Ils seraient une petite dizaine. Dix sur six millions d’électeurs potentiels. Quelques gouttelettes noyées dans un océan d’unanimité. Une pincée d’irréductibles farouchement opposés à la modification de l’article 101 de la Constitution rwandaise qui permettra au bien-aimé des siens, Paul Kagamé, de briguer un troisième mandat présidentiel alors que jusque-là la loi fondamentale n’en prévoyait que deux.
Voilà un ratio aux allures de plébiscite qui, à coup sûr, fera pâlir d’envie quelques-uns des pires autocrates habitués pourtant aux scores staliniens. Et son homologue soudanais, Omar el-Béchir, ne dira pas le contraire, lui qui en avril dernier s’est adjugé son énième mandat avec seulement 94,5% des suffrages exprimés. Décidément, même le tout-puissant successeur de Gafar el-Nimeri, malgré ses performances électorales, reste loin derrière le surdoué de Kigali.
Alors tant qu’à faire, ne devrait-on pas, sans autre forme de procès, proclamer la continuité à l’issue de ce qui devait être considéré comme le dernier mandat de Paul Kagamé ? Certes, dans sa forme le procédé sera loin de répondre aux exigences démocratiques et républicaines, mais dans le fond il permettra à coup sûr d’économiser l’argent du contribuable ainsi qu’une débauche d’énergie ; tout ça pour un scrutin présidentiel dont le résultat est connu bien à l’avance.
C’est donc l’esprit léger et sans la moindre crainte sur l’avenir de son régime que l’actuel et futur président du pays aux milles colline poursuit la réalisation des nombreux chantiers entamés au cours de ses mandats successifs. Ainsi, celui qui a apporté stabilité et croissance dans un pays dévasté par la guerre civile pourra paisiblement poursuivre sa politique axée sur la bonne gouvernance, le développement économique et la lutte contre la corruption.

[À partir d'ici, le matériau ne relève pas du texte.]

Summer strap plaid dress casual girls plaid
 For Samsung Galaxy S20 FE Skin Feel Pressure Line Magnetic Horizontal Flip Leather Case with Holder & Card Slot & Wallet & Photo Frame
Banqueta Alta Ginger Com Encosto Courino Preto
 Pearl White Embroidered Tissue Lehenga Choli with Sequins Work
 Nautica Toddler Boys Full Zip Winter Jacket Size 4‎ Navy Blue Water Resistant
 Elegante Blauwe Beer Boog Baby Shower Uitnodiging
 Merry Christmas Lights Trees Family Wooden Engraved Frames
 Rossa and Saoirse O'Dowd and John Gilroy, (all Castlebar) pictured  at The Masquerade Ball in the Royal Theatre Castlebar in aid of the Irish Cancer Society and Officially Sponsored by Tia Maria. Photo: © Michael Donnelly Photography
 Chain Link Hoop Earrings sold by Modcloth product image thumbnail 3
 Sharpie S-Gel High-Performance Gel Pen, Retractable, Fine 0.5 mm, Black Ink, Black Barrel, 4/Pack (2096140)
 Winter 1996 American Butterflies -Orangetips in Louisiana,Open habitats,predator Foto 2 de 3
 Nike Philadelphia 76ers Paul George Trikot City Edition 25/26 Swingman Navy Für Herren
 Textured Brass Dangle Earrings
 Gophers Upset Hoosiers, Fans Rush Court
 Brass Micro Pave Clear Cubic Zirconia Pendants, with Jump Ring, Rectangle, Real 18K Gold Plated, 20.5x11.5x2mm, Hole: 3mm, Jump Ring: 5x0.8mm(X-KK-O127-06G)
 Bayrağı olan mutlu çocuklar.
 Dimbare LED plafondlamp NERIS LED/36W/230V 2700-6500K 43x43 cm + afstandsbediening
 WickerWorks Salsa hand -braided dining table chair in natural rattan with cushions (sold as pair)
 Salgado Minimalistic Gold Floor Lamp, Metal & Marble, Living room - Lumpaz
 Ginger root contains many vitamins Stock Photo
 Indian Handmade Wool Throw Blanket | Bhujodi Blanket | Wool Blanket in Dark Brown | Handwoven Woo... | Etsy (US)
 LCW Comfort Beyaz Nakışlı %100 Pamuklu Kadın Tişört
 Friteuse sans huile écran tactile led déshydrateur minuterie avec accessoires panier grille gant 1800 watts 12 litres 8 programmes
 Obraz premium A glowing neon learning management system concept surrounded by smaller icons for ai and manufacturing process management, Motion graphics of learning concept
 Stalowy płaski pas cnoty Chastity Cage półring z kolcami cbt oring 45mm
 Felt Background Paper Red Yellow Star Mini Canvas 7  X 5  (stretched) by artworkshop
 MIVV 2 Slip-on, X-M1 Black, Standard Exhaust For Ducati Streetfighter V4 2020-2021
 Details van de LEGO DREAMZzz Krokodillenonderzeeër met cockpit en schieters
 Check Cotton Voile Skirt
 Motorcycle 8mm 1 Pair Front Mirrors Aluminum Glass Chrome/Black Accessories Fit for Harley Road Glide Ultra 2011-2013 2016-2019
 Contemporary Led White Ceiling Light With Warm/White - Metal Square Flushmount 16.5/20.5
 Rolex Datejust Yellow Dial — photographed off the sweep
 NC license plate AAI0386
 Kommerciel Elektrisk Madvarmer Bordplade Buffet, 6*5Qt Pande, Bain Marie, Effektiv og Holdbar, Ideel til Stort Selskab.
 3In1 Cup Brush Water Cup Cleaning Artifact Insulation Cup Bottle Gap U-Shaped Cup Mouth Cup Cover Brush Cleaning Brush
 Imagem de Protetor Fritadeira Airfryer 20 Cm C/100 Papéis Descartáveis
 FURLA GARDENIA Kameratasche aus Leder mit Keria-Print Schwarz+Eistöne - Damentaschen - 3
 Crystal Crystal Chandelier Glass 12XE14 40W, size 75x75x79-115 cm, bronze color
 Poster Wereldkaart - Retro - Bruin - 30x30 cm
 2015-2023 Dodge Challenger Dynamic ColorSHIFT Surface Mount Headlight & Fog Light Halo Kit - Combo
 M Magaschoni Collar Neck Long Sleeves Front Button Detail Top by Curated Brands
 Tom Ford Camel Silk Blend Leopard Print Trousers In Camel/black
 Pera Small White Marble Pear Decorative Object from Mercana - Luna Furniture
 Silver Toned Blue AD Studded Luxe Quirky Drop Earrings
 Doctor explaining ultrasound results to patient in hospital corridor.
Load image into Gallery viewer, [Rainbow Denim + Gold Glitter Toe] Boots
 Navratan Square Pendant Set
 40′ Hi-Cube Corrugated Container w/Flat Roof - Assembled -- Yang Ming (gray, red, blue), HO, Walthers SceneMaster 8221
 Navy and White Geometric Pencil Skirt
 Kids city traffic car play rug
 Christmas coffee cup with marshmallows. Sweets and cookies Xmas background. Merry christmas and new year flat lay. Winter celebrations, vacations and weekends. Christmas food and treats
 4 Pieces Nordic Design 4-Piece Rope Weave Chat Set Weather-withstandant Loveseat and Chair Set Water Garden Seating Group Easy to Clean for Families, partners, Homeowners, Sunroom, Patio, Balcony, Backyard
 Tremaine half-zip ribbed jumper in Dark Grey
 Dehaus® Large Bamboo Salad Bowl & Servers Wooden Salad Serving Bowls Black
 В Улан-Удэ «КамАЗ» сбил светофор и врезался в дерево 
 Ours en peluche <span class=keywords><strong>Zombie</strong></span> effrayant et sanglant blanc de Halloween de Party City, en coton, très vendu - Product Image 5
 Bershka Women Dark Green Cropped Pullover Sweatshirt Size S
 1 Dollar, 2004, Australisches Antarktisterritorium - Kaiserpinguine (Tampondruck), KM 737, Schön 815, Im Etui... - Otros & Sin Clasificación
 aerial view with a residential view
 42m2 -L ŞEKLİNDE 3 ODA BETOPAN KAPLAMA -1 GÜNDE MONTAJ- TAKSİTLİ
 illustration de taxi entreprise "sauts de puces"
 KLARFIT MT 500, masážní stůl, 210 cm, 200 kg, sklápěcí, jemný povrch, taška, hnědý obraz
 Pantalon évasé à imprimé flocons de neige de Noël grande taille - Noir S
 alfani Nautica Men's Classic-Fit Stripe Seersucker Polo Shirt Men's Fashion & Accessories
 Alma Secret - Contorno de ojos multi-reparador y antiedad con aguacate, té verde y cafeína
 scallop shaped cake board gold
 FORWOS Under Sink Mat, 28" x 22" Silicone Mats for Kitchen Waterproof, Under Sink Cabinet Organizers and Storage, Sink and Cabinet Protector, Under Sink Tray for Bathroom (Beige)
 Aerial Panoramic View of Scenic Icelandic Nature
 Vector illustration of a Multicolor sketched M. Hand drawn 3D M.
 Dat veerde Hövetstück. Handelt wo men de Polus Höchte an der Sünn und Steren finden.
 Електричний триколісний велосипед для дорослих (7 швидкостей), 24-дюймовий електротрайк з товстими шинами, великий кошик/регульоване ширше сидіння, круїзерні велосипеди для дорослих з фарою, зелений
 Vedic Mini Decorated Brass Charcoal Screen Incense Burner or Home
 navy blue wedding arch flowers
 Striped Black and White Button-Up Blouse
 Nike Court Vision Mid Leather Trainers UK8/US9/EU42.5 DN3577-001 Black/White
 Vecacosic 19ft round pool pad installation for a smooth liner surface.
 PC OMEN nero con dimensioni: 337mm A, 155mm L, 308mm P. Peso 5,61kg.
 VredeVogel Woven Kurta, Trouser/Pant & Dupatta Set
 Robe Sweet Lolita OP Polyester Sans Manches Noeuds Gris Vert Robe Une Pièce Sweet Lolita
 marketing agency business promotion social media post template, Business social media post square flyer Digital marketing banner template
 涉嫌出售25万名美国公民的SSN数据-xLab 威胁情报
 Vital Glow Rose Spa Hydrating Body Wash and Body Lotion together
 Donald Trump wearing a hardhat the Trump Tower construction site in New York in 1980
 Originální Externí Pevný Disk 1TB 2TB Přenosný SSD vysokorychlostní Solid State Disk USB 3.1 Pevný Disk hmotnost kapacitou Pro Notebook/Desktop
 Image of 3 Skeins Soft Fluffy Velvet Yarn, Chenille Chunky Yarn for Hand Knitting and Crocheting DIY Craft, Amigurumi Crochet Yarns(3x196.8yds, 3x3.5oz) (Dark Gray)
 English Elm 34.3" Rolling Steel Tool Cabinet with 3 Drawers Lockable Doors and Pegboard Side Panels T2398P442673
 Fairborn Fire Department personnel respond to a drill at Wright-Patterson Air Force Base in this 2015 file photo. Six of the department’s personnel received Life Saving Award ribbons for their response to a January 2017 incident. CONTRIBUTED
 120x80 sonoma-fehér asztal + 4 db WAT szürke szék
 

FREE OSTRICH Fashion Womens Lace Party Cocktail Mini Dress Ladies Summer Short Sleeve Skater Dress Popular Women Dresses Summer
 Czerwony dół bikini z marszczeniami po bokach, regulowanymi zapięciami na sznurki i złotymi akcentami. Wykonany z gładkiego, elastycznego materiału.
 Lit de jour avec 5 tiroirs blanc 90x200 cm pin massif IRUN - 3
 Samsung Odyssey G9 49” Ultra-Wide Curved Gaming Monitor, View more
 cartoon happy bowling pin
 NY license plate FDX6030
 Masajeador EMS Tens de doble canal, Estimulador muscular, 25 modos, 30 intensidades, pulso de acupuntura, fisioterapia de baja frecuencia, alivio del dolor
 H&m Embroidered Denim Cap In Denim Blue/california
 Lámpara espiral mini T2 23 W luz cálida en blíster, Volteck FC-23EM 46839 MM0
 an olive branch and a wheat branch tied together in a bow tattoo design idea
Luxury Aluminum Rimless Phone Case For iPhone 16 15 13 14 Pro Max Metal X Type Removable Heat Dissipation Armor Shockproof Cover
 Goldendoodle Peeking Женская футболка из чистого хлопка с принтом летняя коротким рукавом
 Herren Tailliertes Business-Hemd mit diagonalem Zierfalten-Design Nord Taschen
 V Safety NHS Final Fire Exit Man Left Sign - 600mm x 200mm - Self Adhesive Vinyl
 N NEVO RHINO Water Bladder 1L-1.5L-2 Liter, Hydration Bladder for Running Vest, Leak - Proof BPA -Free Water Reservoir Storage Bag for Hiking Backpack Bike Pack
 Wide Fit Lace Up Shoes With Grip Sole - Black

Ainsi, le Rwanda postgénocide est sur les rails, et son dirigeant bien-aimé et respecté entend mener ce train-là jusqu’à bon port. Vice-président et ministre de la Défense de 1994 à 2000, il avait été désigné par le Parlement pour succéder au Pasteur Bizimungu démissionnaire. Depuis, Paul Kagamé vole de succès électoral en succès électoral : Ainsi, il a été réélu en 2003 avec 95% des voix, puis en 2010 avec 93% des suffrages exprimés. Jamais deux sans trois, serait-on tenté de dire au lendemain de ce plébiscite qui ne veut pas dire son nom.
Mais il faut dire que, depuis un certain temps, on voyait les choses venir, car après le carton plein de la pétition populaire, il ne restait plus que l’onction purement formelle du Parlement, largement acquis au parti au pouvoir. Seule note discordante dans ce concert d’approbation, celle du Parti démocratique vert, cette petite formation d’opposition qui, vent debout contre l’unanimité silencieuse, a cherché en vain un avocat pour porter ses arguments devant la cour suprême.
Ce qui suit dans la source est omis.